- Information shown:
———

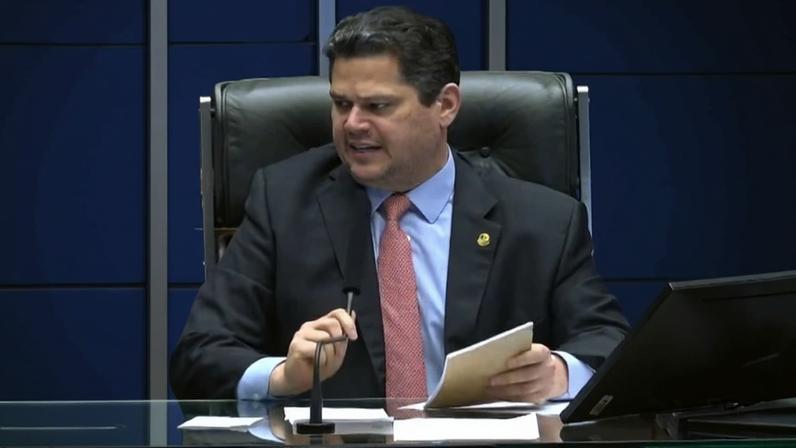 Alcolumbre impede CPI do Banco Master e investigação permanece travada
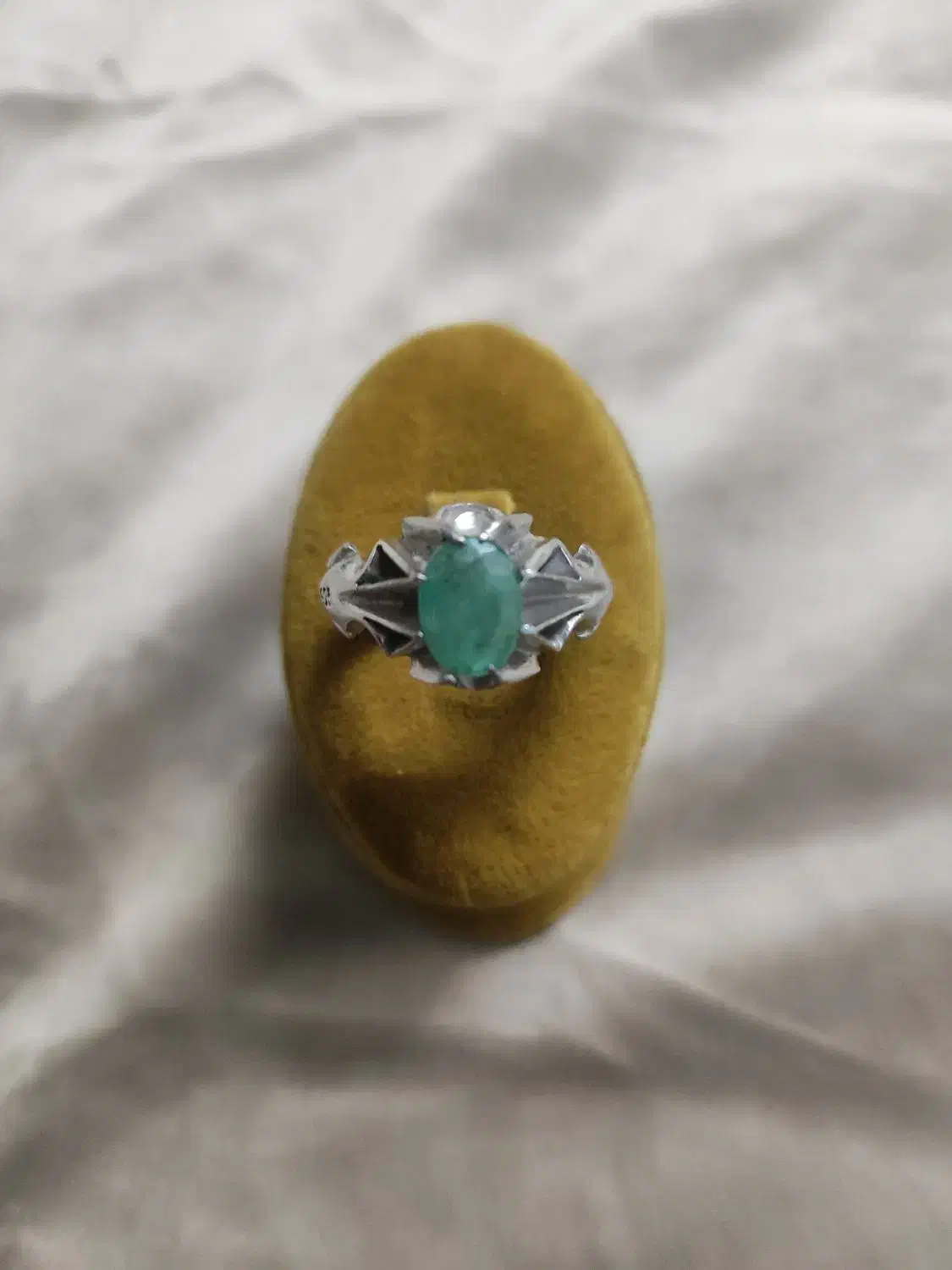 انگشتر زمرد و یاقوت زرد|جواهرات|اصفهان, مسجد مصلی|دیوار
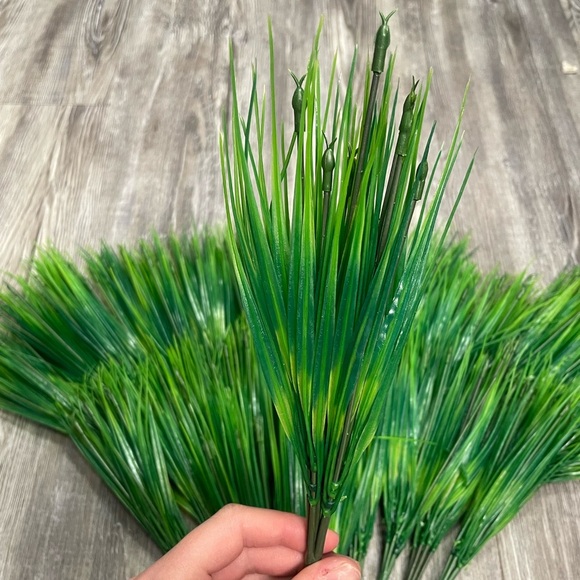 Artificial Green Grass Bundle - Picture 1 of 2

———

- Task to carry out:
The answer should match the data above word for word, with no pictures in it.

- Completed exercise:
 Alcolumbre impede CPI do Banco Master e investigação permanece travada
 انگشتر زمرد و یاقوت زرد|جواهرات|اصفهان, مسجد مصلی|دیوار
 Artificial Green Grass Bundle - Picture 1 of 2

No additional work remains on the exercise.